Calculate the dot product (inner product) of two vectors.

Dot[{a1,b1,c1},{a2,b2,c2}]
u.v

Example:

Dot[{2,3,1},{1,-1,4}] % Computes the dot product of {2, 3, 1} and {1, -1, 4}
{2,3,1}.{1,-1,4}  % Computes the dot product of {2, 3, 1} and {1, -1, 4}
Cross Product

Save yourself several minutes and compute the cross product of two vectors--I recommend doing this in parallel to your written work so that you can check yourself as you move through problems.

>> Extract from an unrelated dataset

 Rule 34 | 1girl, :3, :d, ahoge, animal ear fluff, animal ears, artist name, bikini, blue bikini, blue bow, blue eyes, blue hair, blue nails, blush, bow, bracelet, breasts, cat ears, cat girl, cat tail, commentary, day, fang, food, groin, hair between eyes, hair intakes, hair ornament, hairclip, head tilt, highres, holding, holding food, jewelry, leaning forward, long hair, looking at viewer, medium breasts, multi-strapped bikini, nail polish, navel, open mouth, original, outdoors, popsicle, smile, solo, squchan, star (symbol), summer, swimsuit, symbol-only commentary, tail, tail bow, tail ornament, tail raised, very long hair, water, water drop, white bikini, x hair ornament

Cross[{a1,b1,c1},{a2,b2,c2}]

Example:

Cross[{2,3,1},{1,-1,4}] % Computes the cross product of {2, 3, 1} and {1, -1, 4}
Vector Magnitude

Since we can calculate the magnitude (length) of a vector using Sqrt and Dot.

Sqrt[v.v]

Example:

u={3,4,5}
Sqrt[u.u] % Computes the magnitude of vector {3, 4, 5} using the dot product
Angle between vectors

This is a combination of dot and magnitude, with ArcCos. The answer will be in radians:

ArcCos[u.v/Sqrt[u.u*v.v]]

To get the angle in degrees, just convert this from radians to degrees...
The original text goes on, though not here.